Which lines run from the one containing "Pot - Image 7" to the end of the entries? Copy them exactly, both ends included, and give nothing else.

Records contained in a dataset:
■ ■ ■ ■ ■ ■ ■
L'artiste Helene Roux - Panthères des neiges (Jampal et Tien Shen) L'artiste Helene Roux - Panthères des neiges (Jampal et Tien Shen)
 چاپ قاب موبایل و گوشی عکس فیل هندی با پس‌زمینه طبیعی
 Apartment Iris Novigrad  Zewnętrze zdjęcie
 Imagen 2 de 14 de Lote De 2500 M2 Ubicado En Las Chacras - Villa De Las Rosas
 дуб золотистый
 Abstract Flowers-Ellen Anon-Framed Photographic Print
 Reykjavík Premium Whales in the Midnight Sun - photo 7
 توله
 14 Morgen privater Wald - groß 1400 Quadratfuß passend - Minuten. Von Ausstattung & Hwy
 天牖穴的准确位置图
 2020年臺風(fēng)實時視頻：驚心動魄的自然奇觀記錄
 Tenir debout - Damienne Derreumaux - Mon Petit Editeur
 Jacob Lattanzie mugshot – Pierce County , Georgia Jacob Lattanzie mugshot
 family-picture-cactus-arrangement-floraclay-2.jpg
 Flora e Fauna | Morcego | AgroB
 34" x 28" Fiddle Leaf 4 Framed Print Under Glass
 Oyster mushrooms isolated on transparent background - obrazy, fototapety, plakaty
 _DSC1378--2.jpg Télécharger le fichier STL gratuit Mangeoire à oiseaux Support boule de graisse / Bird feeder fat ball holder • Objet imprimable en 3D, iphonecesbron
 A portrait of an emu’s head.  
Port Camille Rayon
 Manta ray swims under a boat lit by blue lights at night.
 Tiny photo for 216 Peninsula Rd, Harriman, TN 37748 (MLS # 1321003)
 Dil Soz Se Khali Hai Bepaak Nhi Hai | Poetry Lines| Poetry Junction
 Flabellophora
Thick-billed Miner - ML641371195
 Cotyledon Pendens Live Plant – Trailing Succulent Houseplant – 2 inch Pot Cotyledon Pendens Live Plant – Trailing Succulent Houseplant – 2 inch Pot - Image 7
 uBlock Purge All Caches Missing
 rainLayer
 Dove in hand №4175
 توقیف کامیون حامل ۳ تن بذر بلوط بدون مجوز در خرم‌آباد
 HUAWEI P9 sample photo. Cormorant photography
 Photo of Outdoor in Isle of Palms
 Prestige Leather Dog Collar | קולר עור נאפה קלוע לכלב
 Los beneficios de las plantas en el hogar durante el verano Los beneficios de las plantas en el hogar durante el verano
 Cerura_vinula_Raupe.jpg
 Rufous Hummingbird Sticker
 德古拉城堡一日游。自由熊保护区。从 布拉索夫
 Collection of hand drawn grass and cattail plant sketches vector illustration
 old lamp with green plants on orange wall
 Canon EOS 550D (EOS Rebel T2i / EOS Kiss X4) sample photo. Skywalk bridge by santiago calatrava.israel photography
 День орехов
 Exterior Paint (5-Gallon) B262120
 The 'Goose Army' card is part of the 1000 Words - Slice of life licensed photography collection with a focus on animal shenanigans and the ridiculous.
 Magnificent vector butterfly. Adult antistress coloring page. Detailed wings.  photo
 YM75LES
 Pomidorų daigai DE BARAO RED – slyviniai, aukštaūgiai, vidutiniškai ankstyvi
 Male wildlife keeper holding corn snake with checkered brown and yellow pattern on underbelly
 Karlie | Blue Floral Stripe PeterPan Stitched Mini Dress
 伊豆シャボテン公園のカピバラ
■ ■ ■ ■ ■ ■ ■
## RESPONSE TO THE TASK
 Cotyledon Pendens Live Plant – Trailing Succulent Houseplant – 2 inch Pot Cotyledon Pendens Live Plant – Trailing Succulent Houseplant – 2 inch Pot - Image 7
 uBlock Purge All Caches Missing
 rainLayer
 Dove in hand №4175
 توقیف کامیون حامل ۳ تن بذر بلوط بدون مجوز در خرم‌آباد
 HUAWEI P9 sample photo. Cormorant photography
 Photo of Outdoor in Isle of Palms
 Prestige Leather Dog Collar | קולר עור נאפה קלוע לכלב
 Los beneficios de las plantas en el hogar durante el verano Los beneficios de las plantas en el hogar durante el verano
 Cerura_vinula_Raupe.jpg
 Rufous Hummingbird Sticker
 德古拉城堡一日游。自由熊保护区。从 布拉索夫
 Collection of hand drawn grass and cattail plant sketches vector illustration
 old lamp with green plants on orange wall
 Canon EOS 550D (EOS Rebel T2i / EOS Kiss X4) sample photo. Skywalk bridge by santiago calatrava.israel photography
 День орехов
 Exterior Paint (5-Gallon) B262120
 The 'Goose Army' card is part of the 1000 Words - Slice of life licensed photography collection with a focus on animal shenanigans and the ridiculous.
 Magnificent vector butterfly. Adult antistress coloring page. Detailed wings.  photo
 YM75LES
 Pomidorų daigai DE BARAO RED – slyviniai, aukštaūgiai, vidutiniškai ankstyvi
 Male wildlife keeper holding corn snake with checkered brown and yellow pattern on underbelly
 Karlie | Blue Floral Stripe PeterPan Stitched Mini Dress
 伊豆シャボテン公園のカピバラ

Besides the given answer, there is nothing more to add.